╭──

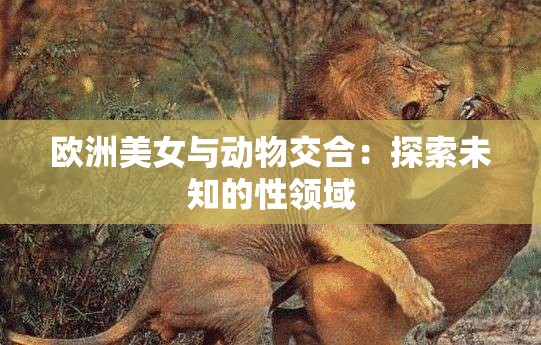 欧洲美女与动物交合：探索未知的性领域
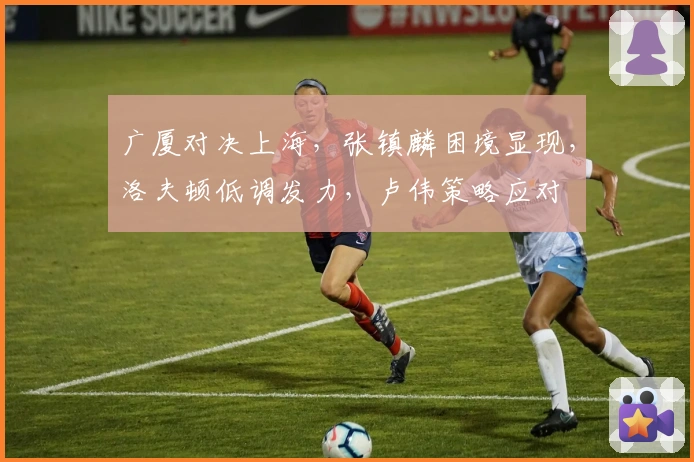 广厦对决上海，张镇麟困境显现，洛夫顿低调发力，卢伟策略应对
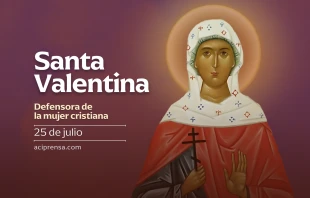 null Santa Valentina, 25 de julio / ACI Prensa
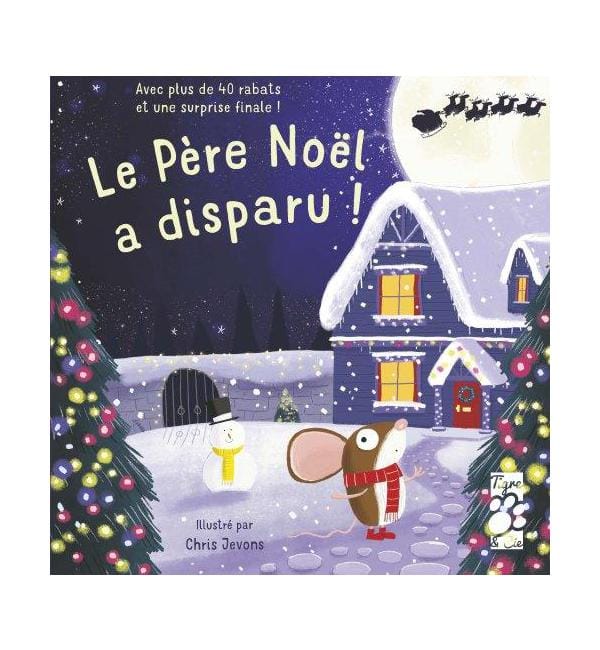 Le Père Noël a disparu ! - Avec plus de 40 rabats et une surprise finale !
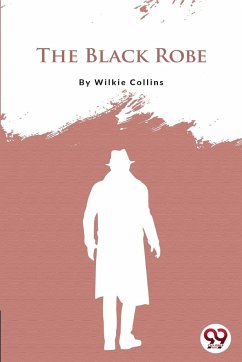 The Black Robe - Collins, Wilkie
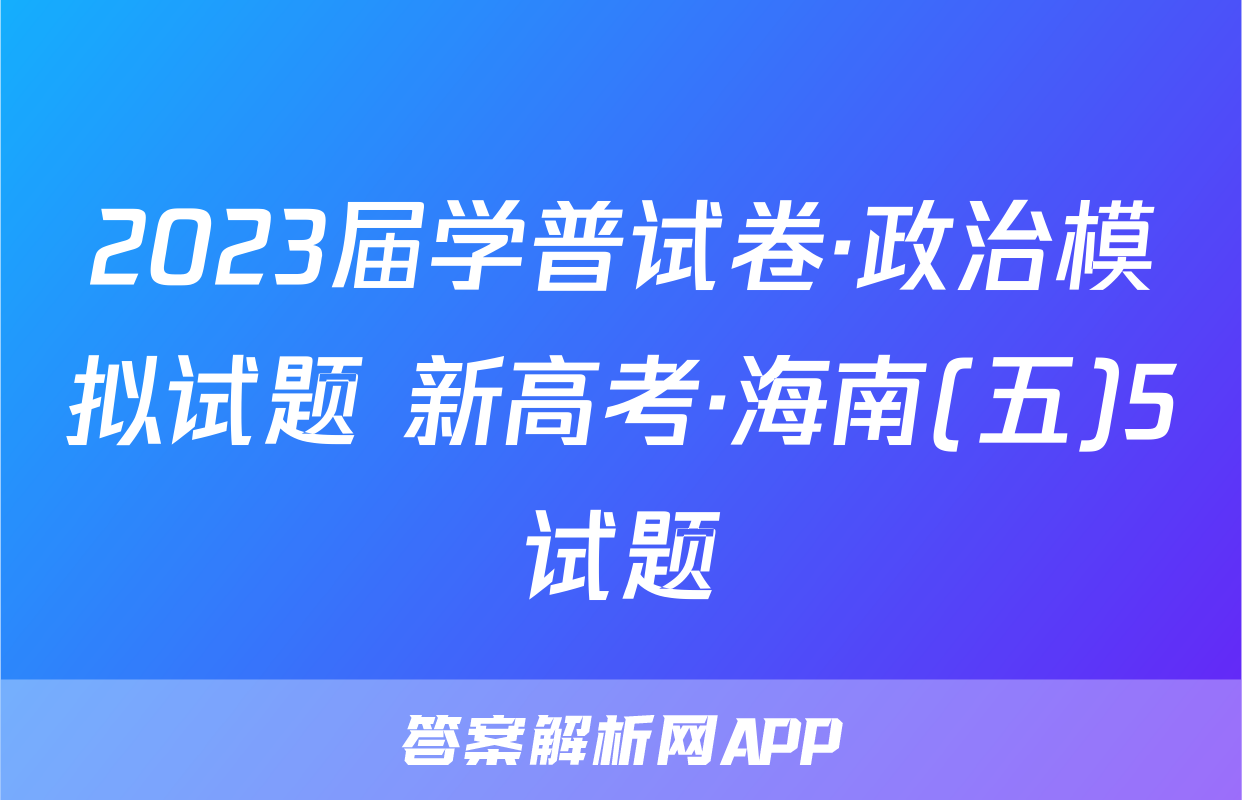 2023届学普试卷·政治模拟试题 新高考·海南(五)5试题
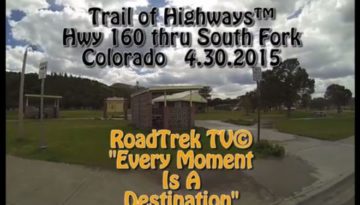 South Fork-Colorado-Rio Grande River-Trail of Highways-RoadTrek TV-Get Lost in America-Organic-Content-Marketing-Social-Media-Travel-Tom Ski-Skibowski-Social SEO-Photography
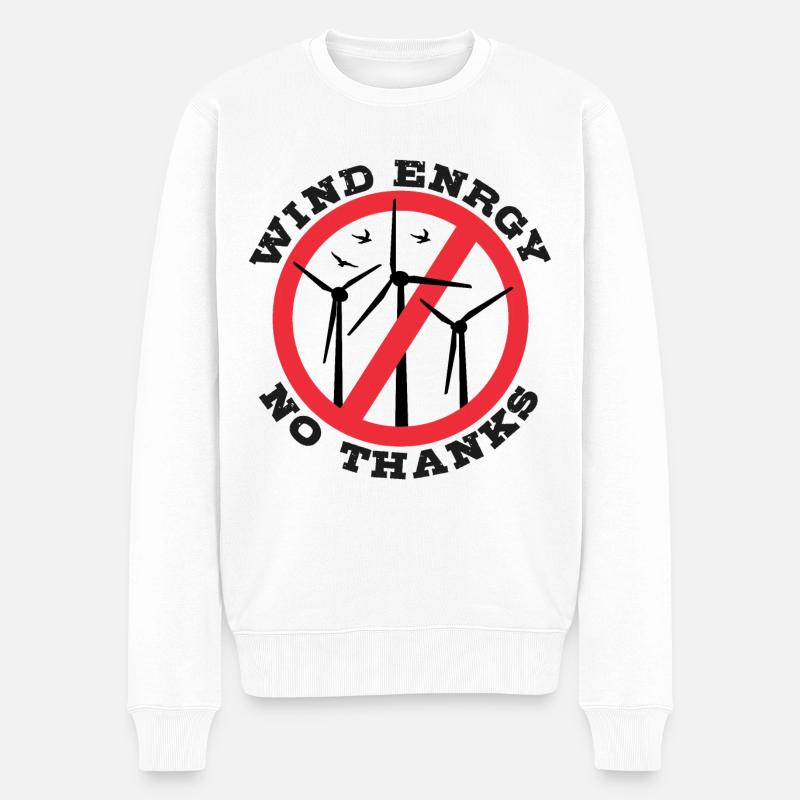 Windenergie Nein Danke, Nein zu Windkraft - Männer Premium Bio Pullover - Weiß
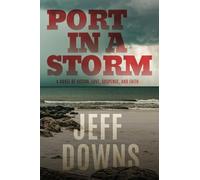 Port in a Storm: A Novel of Action, Love, Suspense, and Faith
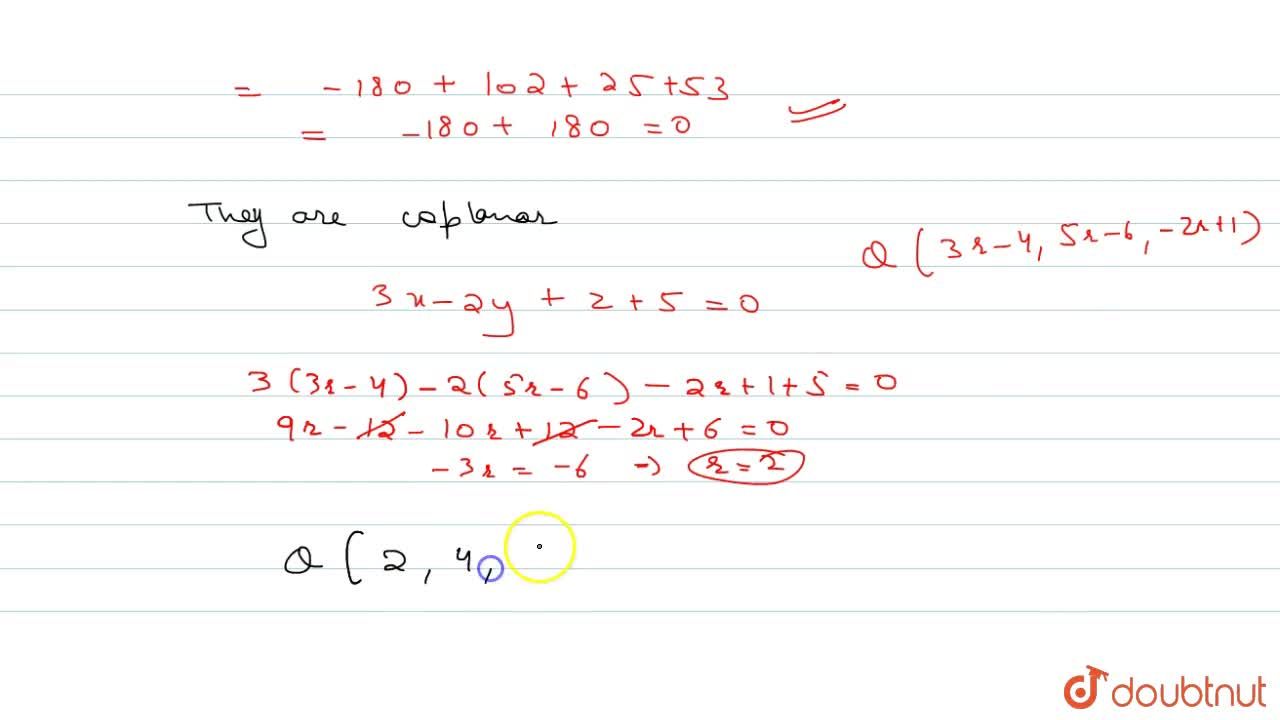 Are The Lines 3x 2y Z 5 0 2x 3y 4z 4 And X 4 3 Y 6 5 Z 1 2 Coplanar If Yes Find Their Point Of Intersection And Equation Of The Plane Which They Lie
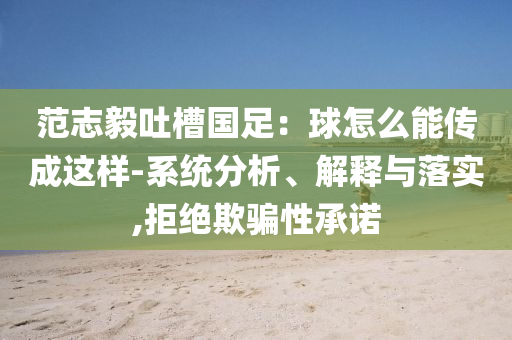 范志毅吐槽國足：球怎么能傳成這樣-系統(tǒng)分析、解釋與落實(shí),拒絕欺騙性承諾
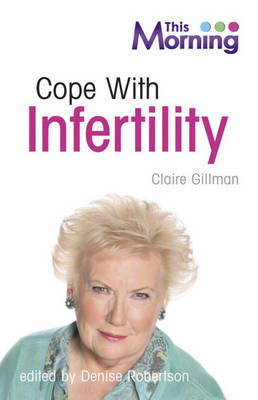 Book cover for This Morning: Cope with Infertility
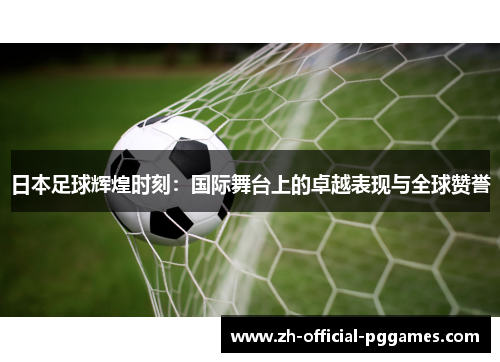日本足球辉煌时刻:国际舞台上的卓越表现与全球赞誉 日本足球辉煌时刻:国际舞台上的卓越表现与全球赞誉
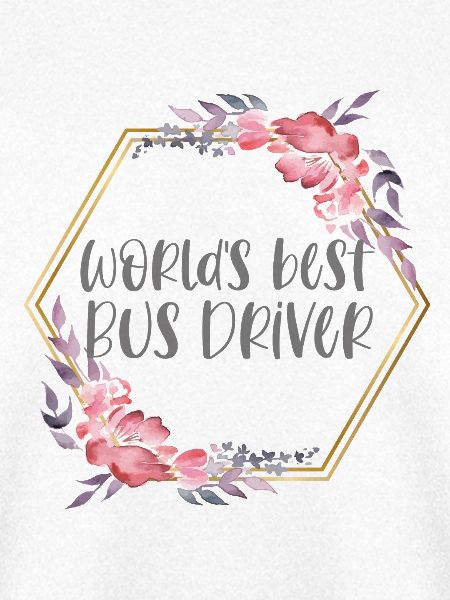 Best Bus Driver – Busfahrerin Geschenk
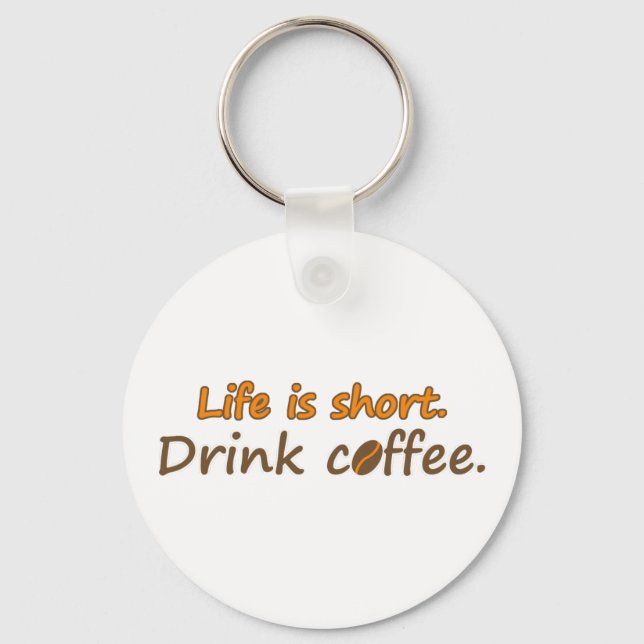 Life is short. Drink coffee. Funny Coffee Slogans Keychain (Front)
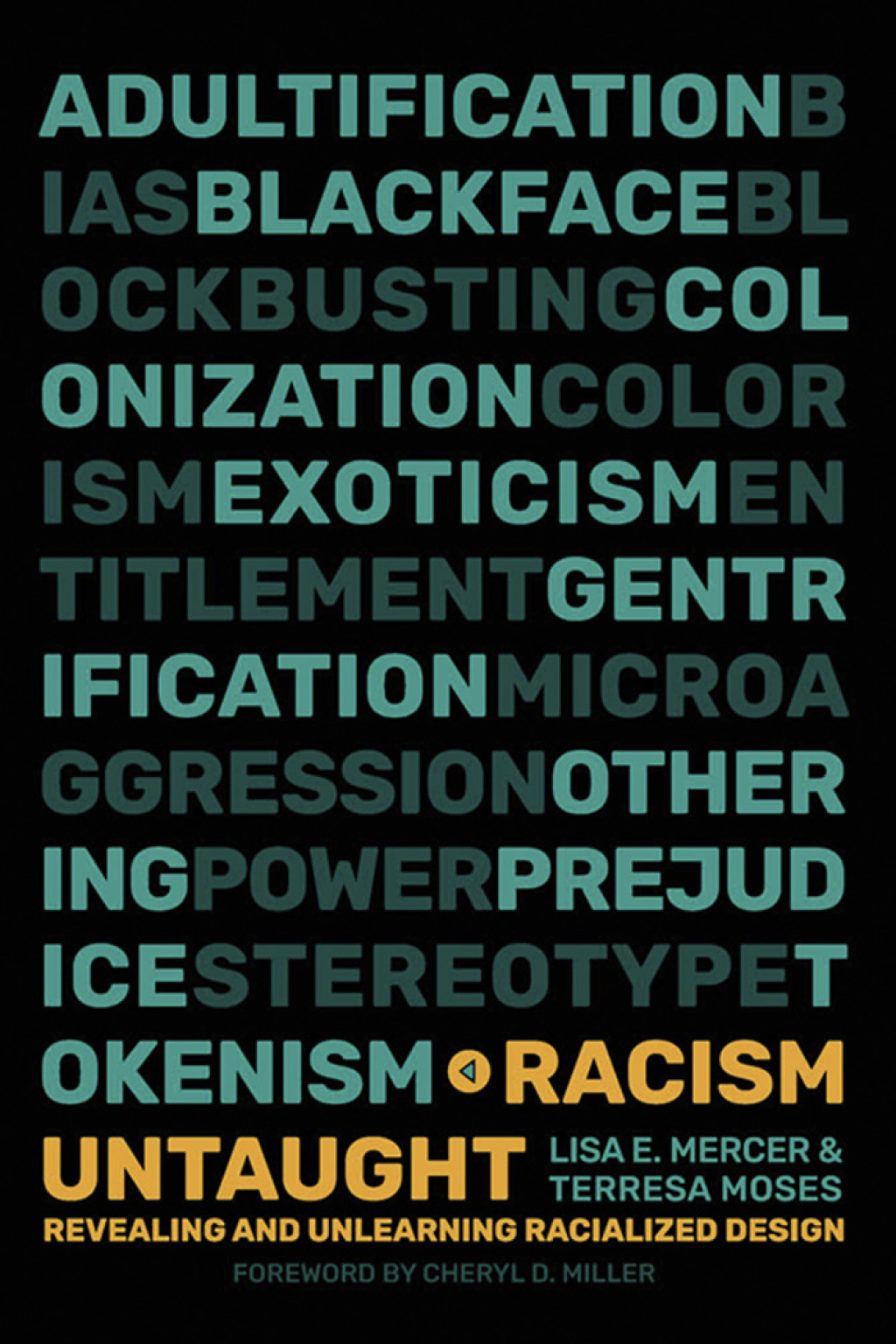 Racism Untaught Revealing and Unlearning Racialized Design - (PDF/EPUB Version)
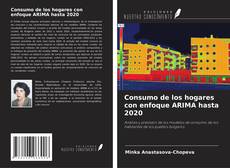 Copertina di Consumo de los hogares con enfoque ARIMA hasta 2020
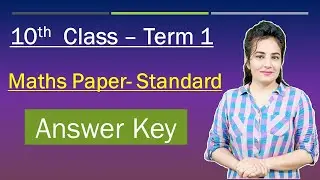 CBSE Class 10 | TERM 1 Maths Paper Answer Key 2021 (Standard)| CBSE Class 10 Term 1 Answer Key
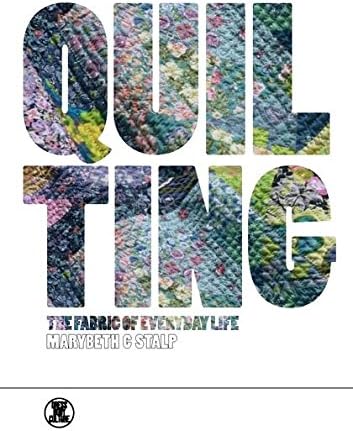 Quilting: The Fabric of Everyday Life (Dress, Body, Culture)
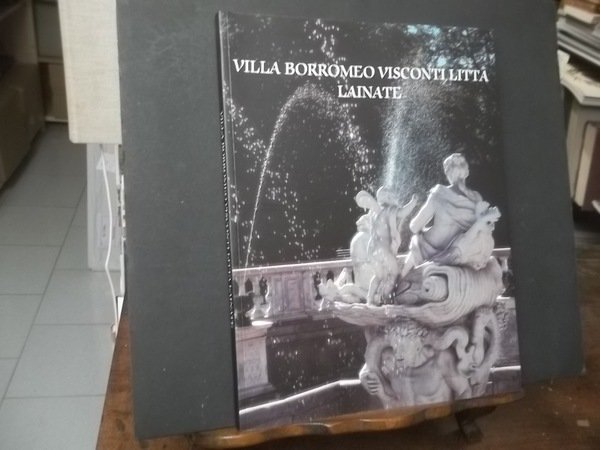 VILLA BORROMEO VISCONTI LITTA LAINATE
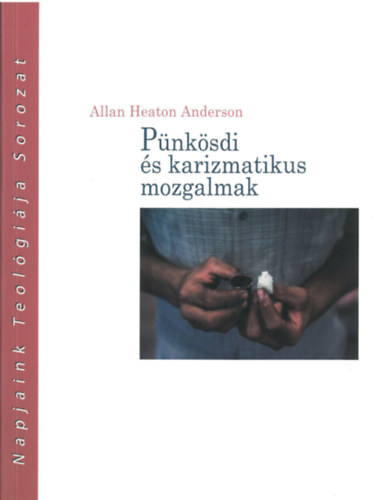 Allan Heaton Anderson - P�nk�sdi �s karizmatikus mozgalmak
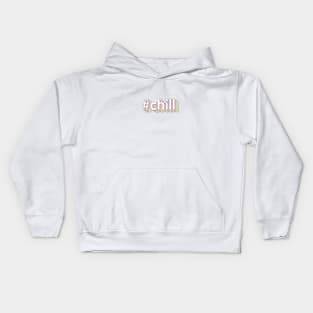 #chill Kids Hoodie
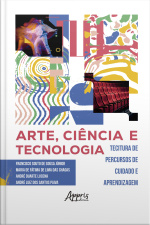 Arte, Ciência E Tecnologia: De Percursos De Cuidado E Aprendizagem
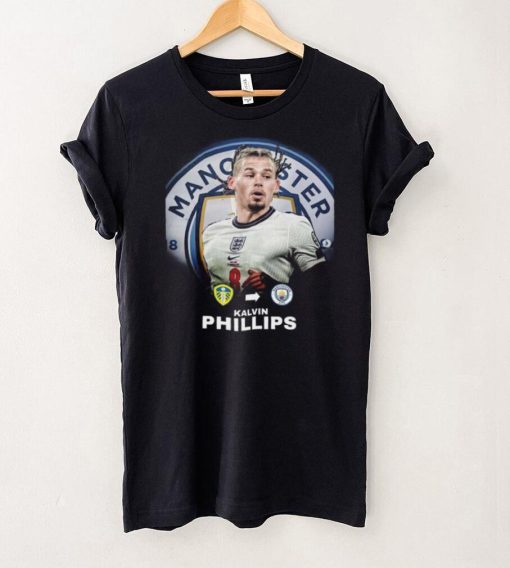 Welcome Kalvin Phillips England Midfielder Manchester City T Shirt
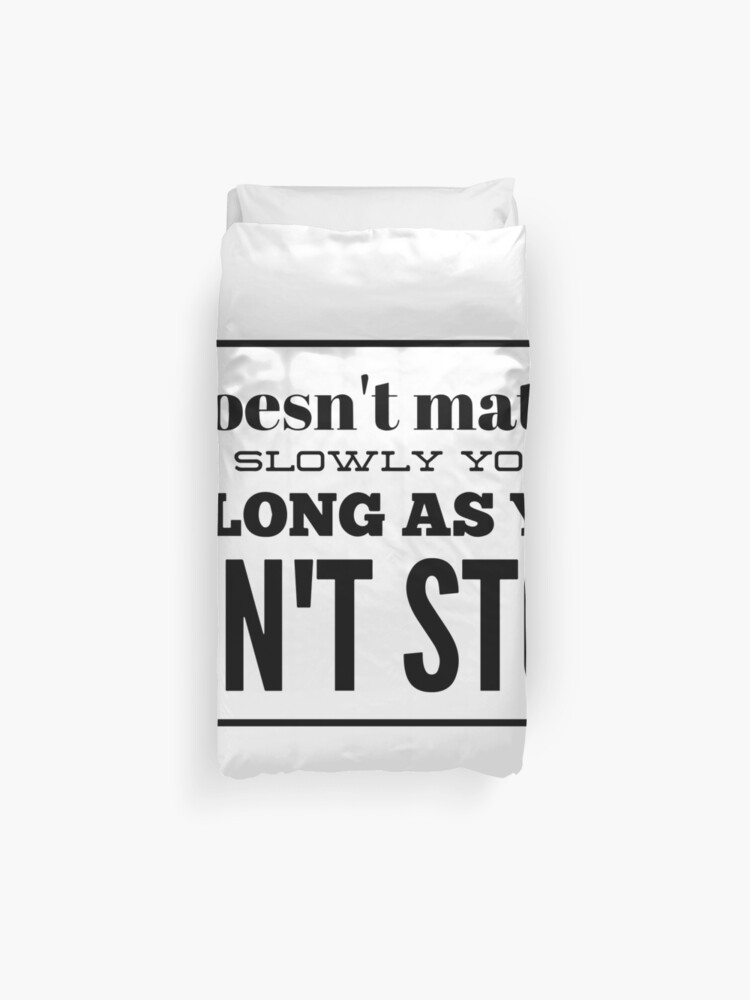 It Doesn T Matter How Slowly You Go As Long As You Don T Stop Duvet Cover By Thinklosophy Redbubble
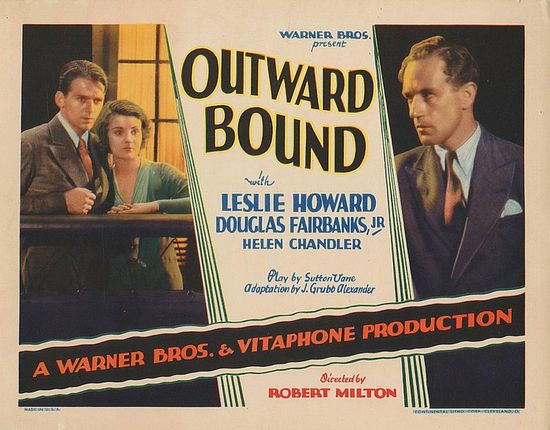 Outward Bound (1930) Robert Milton, Ray Enright, Leslie Howard, Douglas Fairbanks Jr., Beryl Mercer, Drama, Fantasy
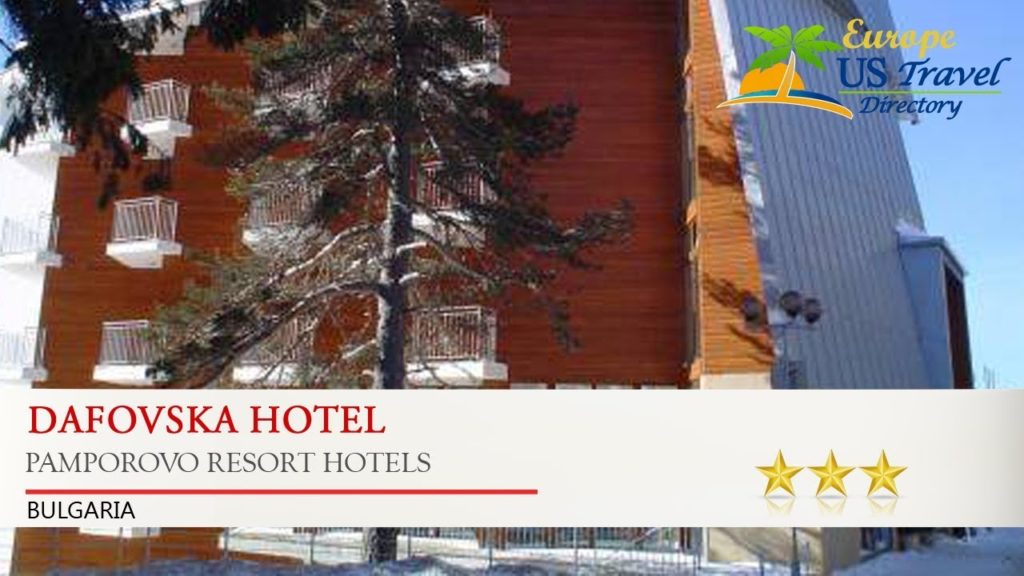 Dafovska Hotel - Pamporovo Resort Hotels, Bulgaria
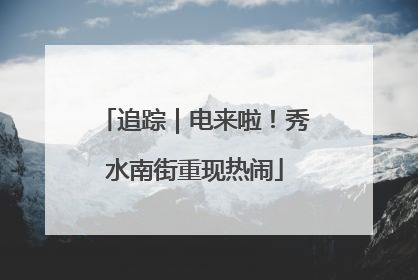 追踪｜电来啦！秀水南街重现热闹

╰──

### Exercise description
In the records, the line containing "The Black Robe - Collins, Wilkie" starts the span and the final line ends it. Output exactly that span, both ends included, with no pictures and nothing else.

### Completed exercise
 The Black Robe - Collins, Wilkie
 2023届学普试卷·政治模拟试题 新高考·海南(五)5试题
 South Fork-Colorado-Rio Grande River-Trail of Highways-RoadTrek TV-Get Lost in America-Organic-Content-Marketing-Social-Media-Travel-Tom Ski-Skibowski-Social SEO-Photography
 Windenergie Nein Danke, Nein zu Windkraft - Männer Premium Bio Pullover - Weiß
 Port in a Storm: A Novel of Action, Love, Suspense, and Faith
 Are The Lines 3x 2y Z 5 0 2x 3y 4z 4 And X 4 3 Y 6 5 Z 1 2 Coplanar If Yes Find Their Point Of Intersection And Equation Of The Plane Which They Lie
 范志毅吐槽國足：球怎么能傳成這樣-系統(tǒng)分析、解釋與落實(shí),拒絕欺騙性承諾
 Book cover for This Morning: Cope with Infertility
日本足球辉煌时刻:国际舞台上的卓越表现与全球赞誉 日本足球辉煌时刻:国际舞台上的卓越表现与全球赞誉
 Best Bus Driver – Busfahrerin Geschenk
 Life is short. Drink coffee. Funny Coffee Slogans Keychain (Front)
 Racism Untaught Revealing and Unlearning Racialized Design - (PDF/EPUB Version)
 Copertina di Consumo de los hogares con enfoque ARIMA hasta 2020
 CBSE Class 10 | TERM 1 Maths Paper Answer Key 2021 (Standard)| CBSE Class 10 Term 1 Answer Key
 Quilting: The Fabric of Everyday Life (Dress, Body, Culture)
 VILLA BORROMEO VISCONTI LITTA LAINATE
 Allan Heaton Anderson - P�nk�sdi �s karizmatikus mozgalmak
 #chill Kids Hoodie
 Arte, Ciência E Tecnologia: De Percursos De Cuidado E Aprendizagem
 Welcome Kalvin Phillips England Midfielder Manchester City T Shirt
 It Doesn T Matter How Slowly You Go As Long As You Don T Stop Duvet Cover By Thinklosophy Redbubble
 Outward Bound (1930) Robert Milton, Ray Enright, Leslie Howard, Douglas Fairbanks Jr., Beryl Mercer, Drama, Fantasy
 Dafovska Hotel - Pamporovo Resort Hotels, Bulgaria
 追踪｜电来啦！秀水南街重现热闹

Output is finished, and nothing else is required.